Adds reads from a small, low-latency cache that supports random addresses. Another significant part of a GPU’s area, power, and complexity is the memory hierarchy. Adding cached reads makes use of this hierarchy and ensures that a specialized ASIC also implements a similar hierarchy, preventing power or area savings.
Increases the DRAM read from 128 bytes to 256 bytes. The DRAM read from the DAG is the same as Dagger Hashimoto’s, but with the size increased to 256 bytes. This better matches the workloads seen on commodity GPUs, preventing a specialized ASIC from being able to gain performance by optimizing the memory controller for abnormally small accesses. The DAG file is generated according to traditional Dagger Hashimoto specifications, with an additional ProgPoW_SIZE_CACHE bytes generated that will be cached in the L1.

ProgPoW can be tuned using the following parameters. The proposed settings have been tuned for a range of existing, commodity GPUs:

ProgPoW_LANES: The number of parallel lanes that coordinate to calculate a single hash instance; default is 32.
ProgPoW_REGS: The register file usage size; default is 16.
ProgPoW_CACHE_BYTES: The size of the cache; default is 16 x 1024.
ProgPoW_CNT_MEM: The number of frame buffer accesses, defined as the outer loop of the algorithm; default is 64 (same as Dagger Hashimoto).
ProgPoW_CNT_CACHE: The number of cache accesses per loop; default is 8.
ProgPoW_CNT_MATH: The number of math operations per loop; default is 8.

ProgPoW uses FNV1a for merging data. The existing Dagger Hashimoto uses FNV1 for merging, but FNV1a provides better distribution properties.

ProgPoW uses KISS99 for random number generation. This is the simplest (fewest instructions) random generator that passes the TestU01 statistical test suite. A more complex random number generator like Mersenne Twister can be efficiently implemented on a specialized ASIC, providing an opportunity for efficiency gains.

Backwards Compatibility

This algorithm is not backward compatible with the existing Equihash implementation and will require a fork for adoption.
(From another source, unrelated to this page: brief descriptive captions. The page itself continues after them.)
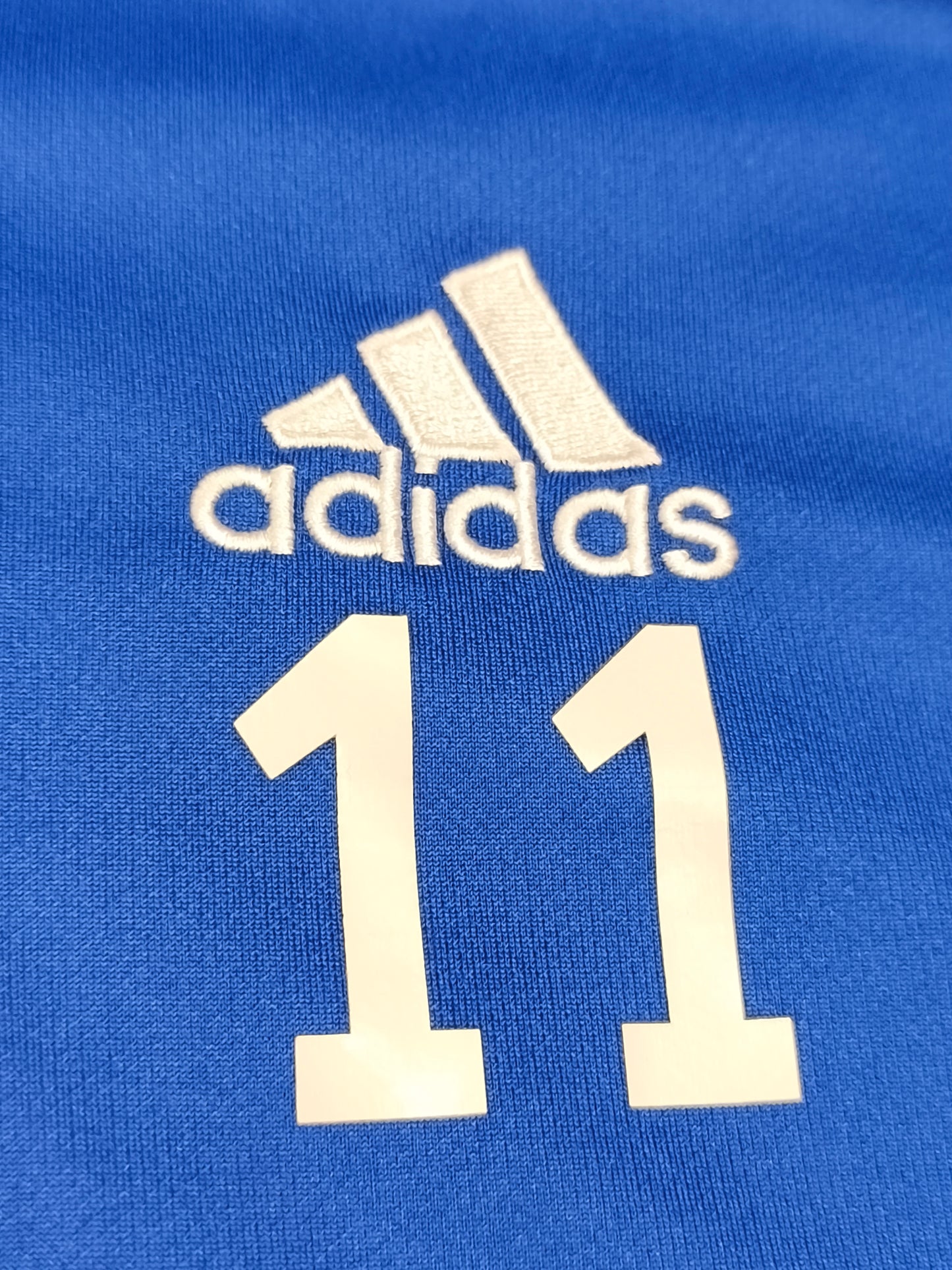 Adidas Oppsal Fotball Training Jersey Shirt Blue Size M Climalite Vintage 2015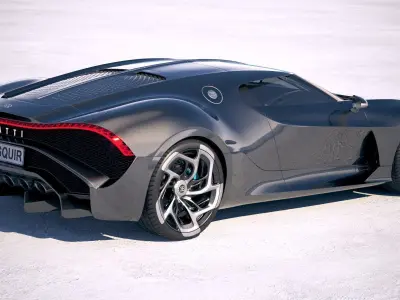 Bugatti La Voiture Noire 2019 3D model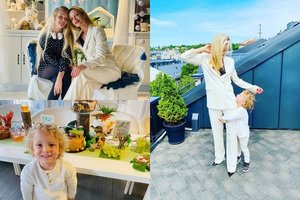 Kaune Edita Daniūtė-Gozzoli su vyru sūnui surengė įspūdingą gimtadienio šventę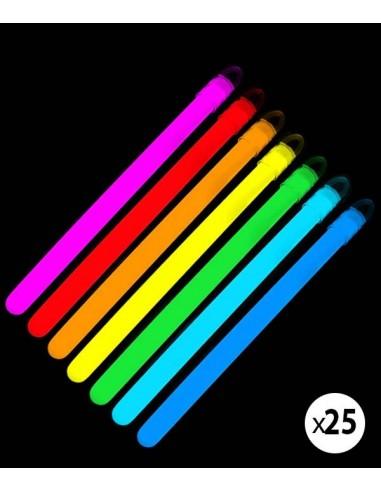 25 Bastões luminosos fluorescentes 30cm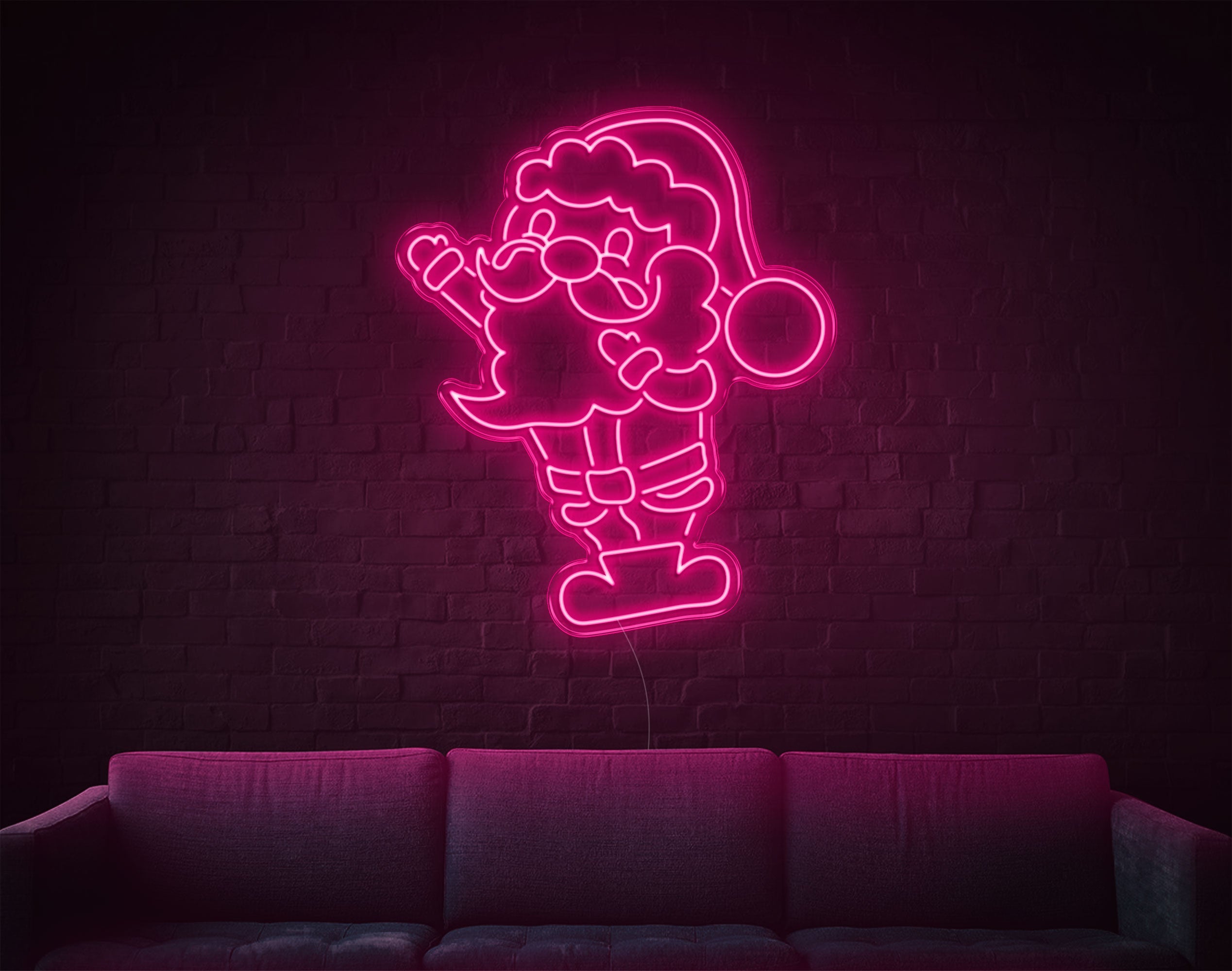 Santa LED Neon Sign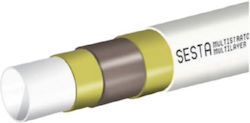 Multilayered Pipe Pex Al Pex Ø32x3 Without Insulation Sesta 805508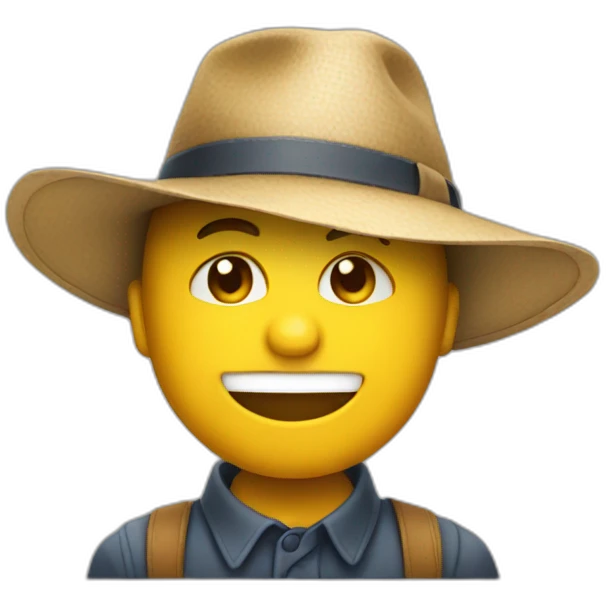 Chat avec un chapeau  emoji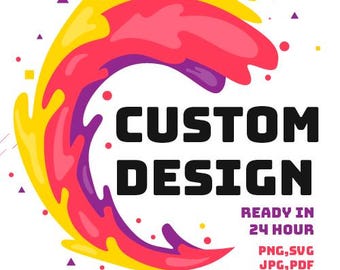 Diseño SVG personalizado, PNG personalizado, archivo Cricut (descarga digital)
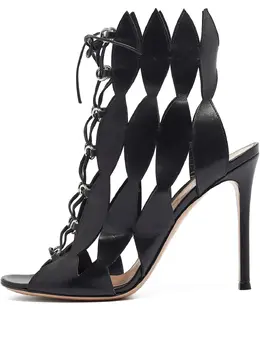 Gianvito Rossi: Чёрные сандалии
Furthermore, the network hash rate will change dramatically as the units of compute are re-normalized to this new algorithm.

Testing

This PoW algorithm was implemented and tested against six different models from two different manufacturers. Selected models span two different chips and memory types from each manufacturer (Polaris20-GDDR5 and Vega10-HBM2 for AMD; GP104-GDDR5 and GP102-GDDR5X for NVIDIA). The average hashrate results are listed below. Additional tests are ongoing.
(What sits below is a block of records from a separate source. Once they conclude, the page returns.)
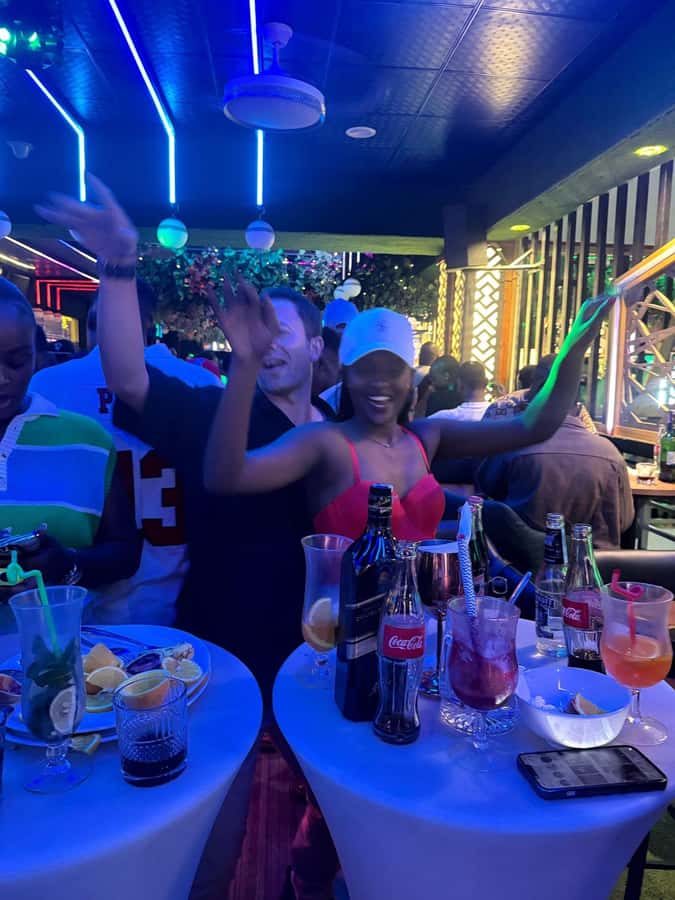 Discover Kigali's Nightlife with Aline - Moving from a meal into Kigali’s pub scene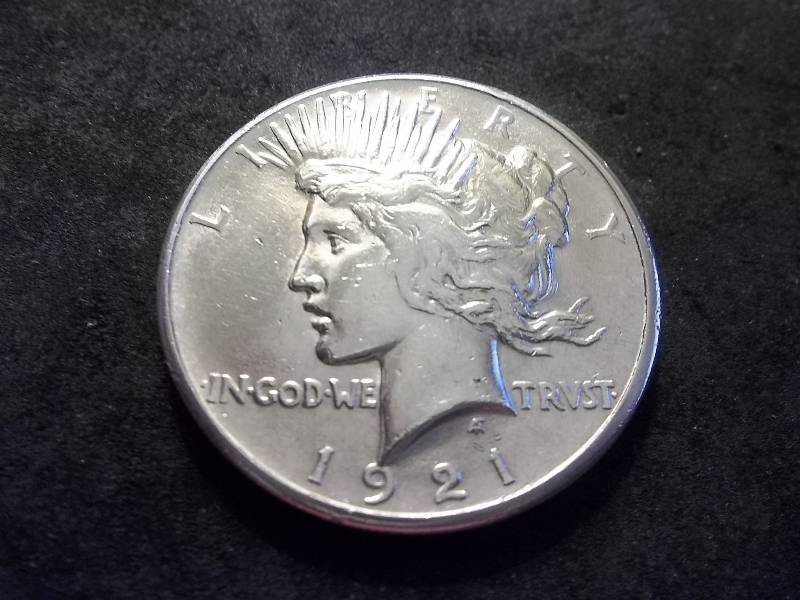 1921 Peace Silver Dollar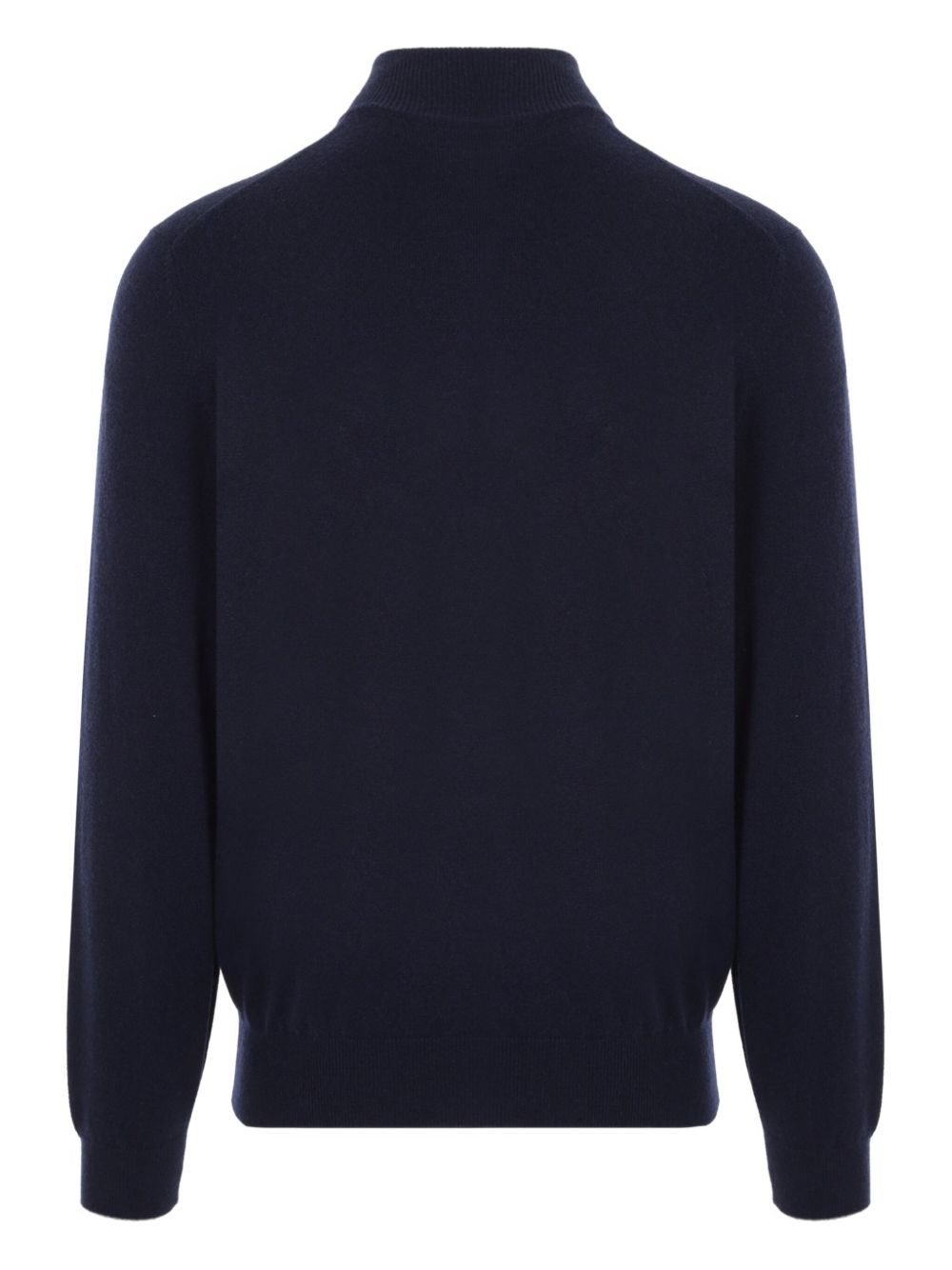 cashmere half zip sweater - 5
As the algorithm nearly fully utilizes GPU functions in a natural way, the results reflect relative GPU performance that is similar to other gaming and graphics applications.

Model	Hashrate (MH/s)
RX580	9.4
Vega56	16.6
Vega64	18.7
GTX1070Ti	13.1
GTX1080	14.9
GTX1080Ti	21.8

Sample Code

Sample code is available here.

Schedule and Funding Request

This proposal is submitted to the foundation to review and adopt as a priority. We ask that any funding goes toward any outside development, review, testing, and implementation efforts as the foundation deems appropriate. We humbly suggest that this proposal be integrated to the soonest planned fork (as feasible) to minimize disruption to the network.

T3N2aWsK commented 6 years ago

Here are my observations after going through the code provided in the proposal:

There are no definitions of DAG_SIZE or ProgPoW_CACHE_WORDS.
The code in the proposal could use some tuning of the order in which functions are presented so that it's easier to understand its structure for a first-time reader.
The algorithm isn't actually well defined, as the evaluation order of function parameters is unspecified, and there are e.g. 3 calls to kiss99() in the parameter list for the call to math().
The inner loop uses the functions merge() and kiss99() a lot, and the most complex parts of those are multiplications with constants. The Hamming weights of those constants are 2, 5, 6 and 9, allowing an ASIC to save energy by computing them as 2-, 5-, 6- and 9-way additions of less than 32 bits.
The proof-of-capacity part (ref. the data64 variable) can easily be supported with a relatively low-cost RAM. This is read-only (as in very infrequently updated) and can be shared between many staggered instances of ProgPoWLoop loading 256 consecutive bytes at a time.

ifdefelse commented 6 years ago

@T3N2aWsK , @PrometheusXDE, @solardiz, @donamelo We thank you for your feedback. We encourage folks to continue to review this proposal from a technical perspective. We hope reviewers can start with a deeper technical understanding of what is being proposed, especially from the hardware side of things.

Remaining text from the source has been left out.